HUMBOLDT, SASKATCHEWAN — Olymel LP, a Canadian poultry and pork processor and distributor, announced on May 26 that it would reduce hog production in Western Canada.

The company said six sow units would close, reducing the western sow herd from 57,000 to 40,000 sows in production. The decision will also cause 80 people to be laid off.  

Olymel said that it would work closely with the affected workers on job placement to fill any vacant positions in its western hog sector or job placement outside the company.

“Over the past two years it is well documented that Olymel has experienced significant losses in the processing of fresh pork as a result of limited market access globally,” said Yanick Gervais, chief executive officer of Olymel. “Now, coupled with stubbornly high feed costs resulting in unprecedented losses in the hog sector, we have little choice but to retract and position ourselves for success in the future when conditions improve. I am confident that the changes being implemented in Olymel’s Western Canadian integrated hog sector will provide the foundation for ensuring that success.”

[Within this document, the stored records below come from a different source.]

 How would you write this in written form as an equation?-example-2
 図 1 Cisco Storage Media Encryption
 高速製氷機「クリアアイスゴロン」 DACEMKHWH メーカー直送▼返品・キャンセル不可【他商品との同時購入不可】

The company stated that the sow farm closures would result in a net reduction of approximately 200,000 market hogs annually to the Olymel Red Deer slaughter facility from company owned farms. Olymel said the impact would not be felt until 2024 at the earliest and could change the availability of the independent hog supply.

The barns that will be closed will wind down over the next several months and remain closed until market conditions improve.

During April, Olymel announced that it would close a major hog processing plant in Quebec that would lay off 994 employees. And in February, Olymel stated that it would close two other pork processing plants.